**Information**
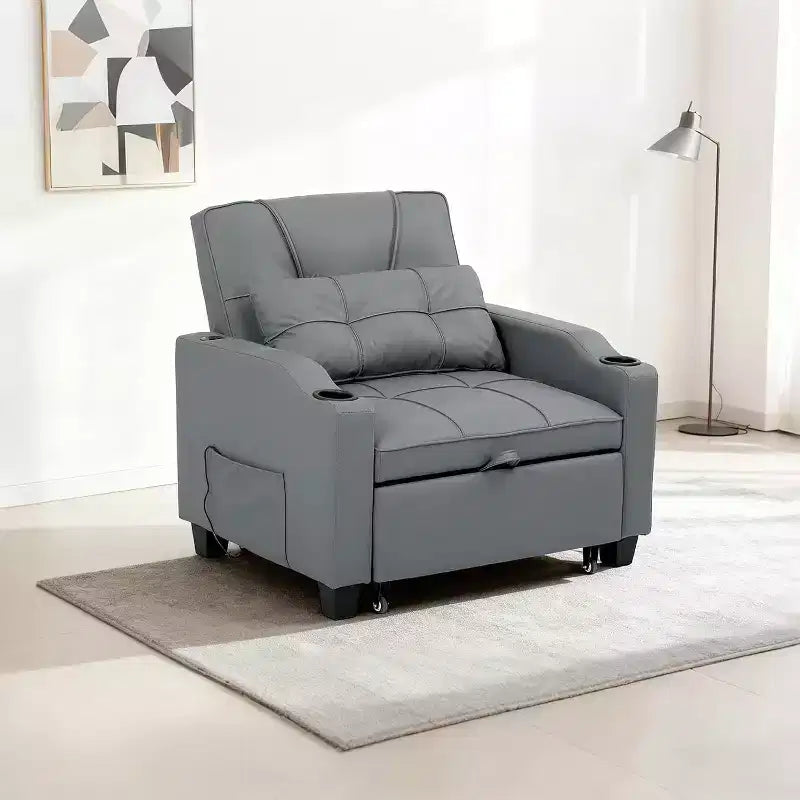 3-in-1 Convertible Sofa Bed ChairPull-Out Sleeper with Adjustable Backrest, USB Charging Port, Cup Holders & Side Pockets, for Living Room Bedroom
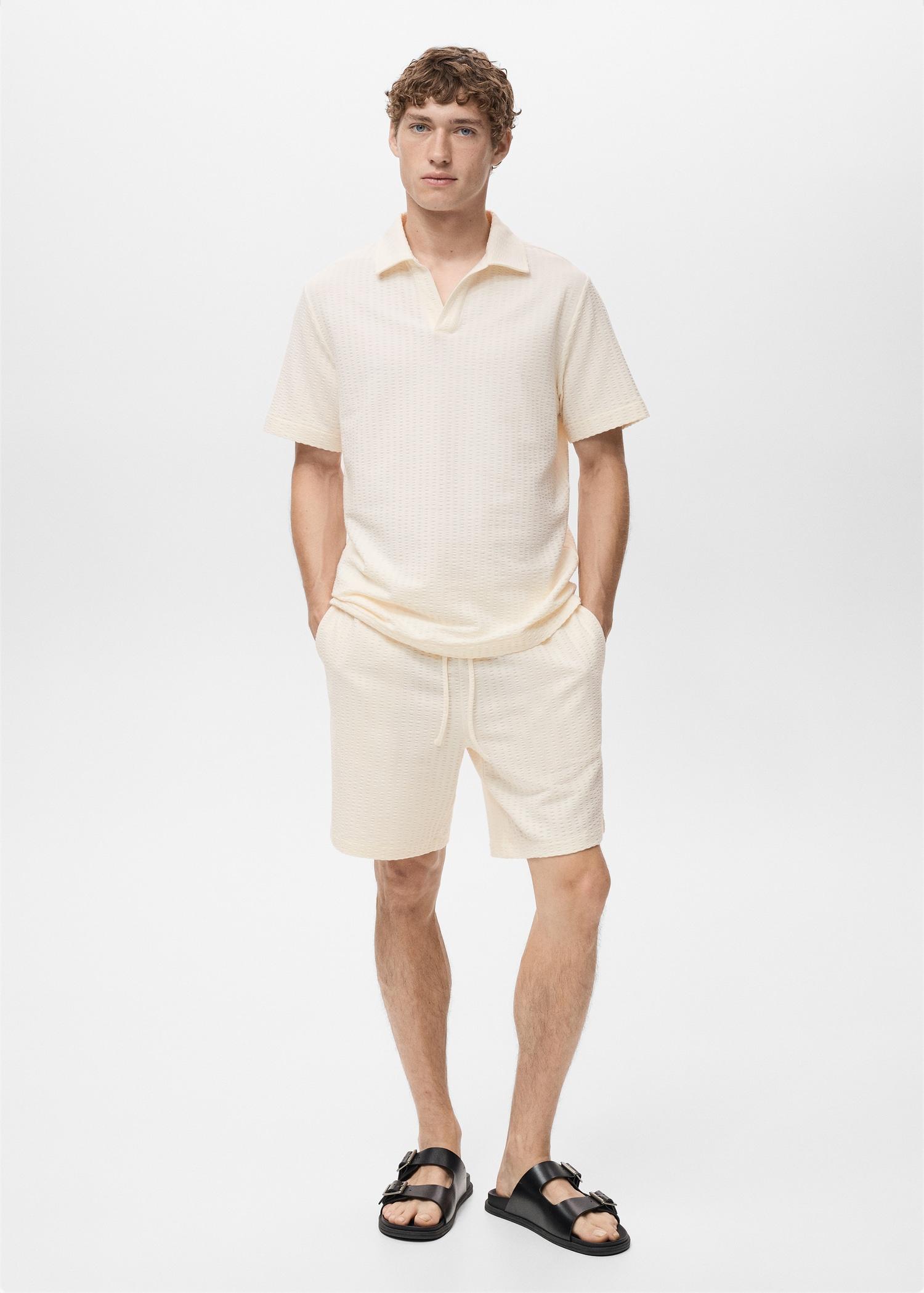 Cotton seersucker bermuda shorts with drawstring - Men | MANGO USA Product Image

==

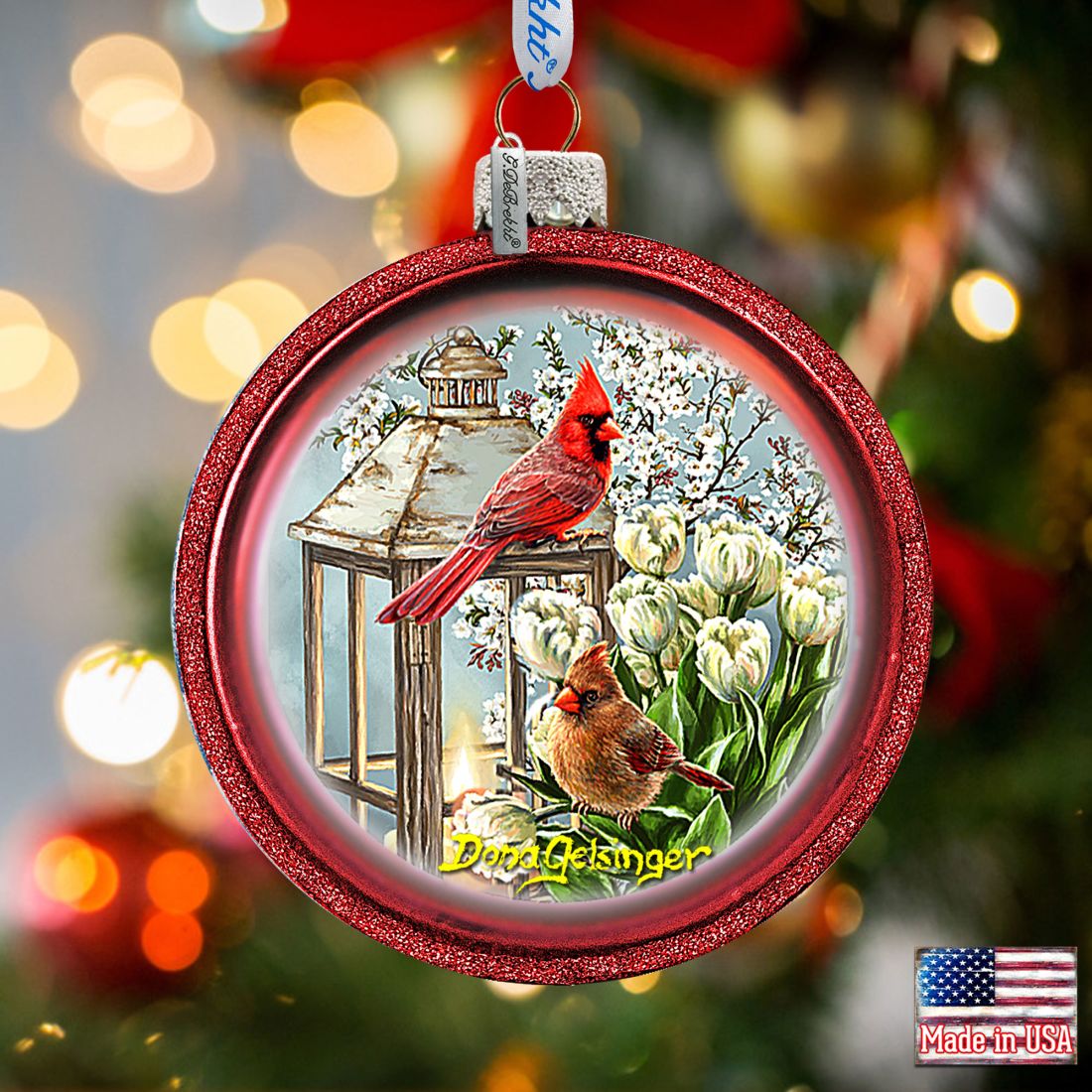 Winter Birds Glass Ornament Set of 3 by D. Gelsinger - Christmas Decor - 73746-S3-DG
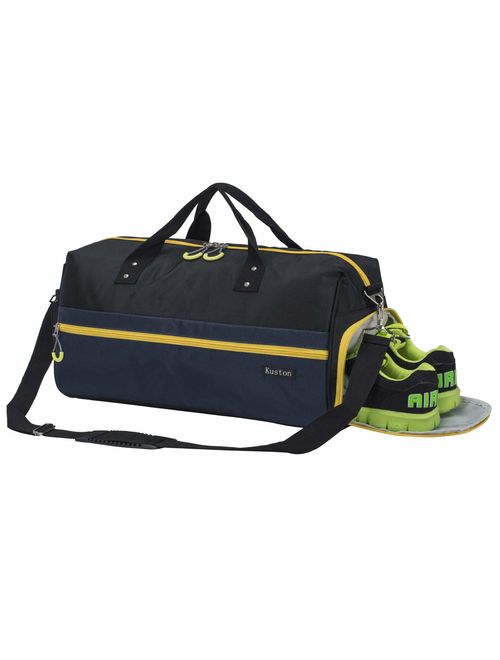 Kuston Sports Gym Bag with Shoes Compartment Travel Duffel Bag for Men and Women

---

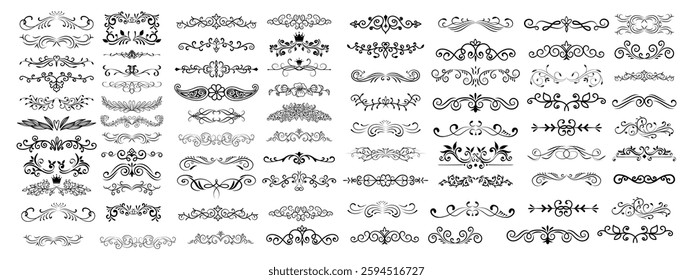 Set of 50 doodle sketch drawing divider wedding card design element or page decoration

**About this exercise**
Going by the entries above, repeat exactly the lines that start at the line with "3-in-1 Convertible Sofa" and go on through the line with "Cotton seersucker bermuda". Pictures are not part of the copy.

**Result**
 3-in-1 Convertible Sofa Bed ChairPull-Out Sleeper with Adjustable Backrest, USB Charging Port, Cup Holders & Side Pockets, for Living Room Bedroom
 Cotton seersucker bermuda shorts with drawstring - Men | MANGO USA Product Image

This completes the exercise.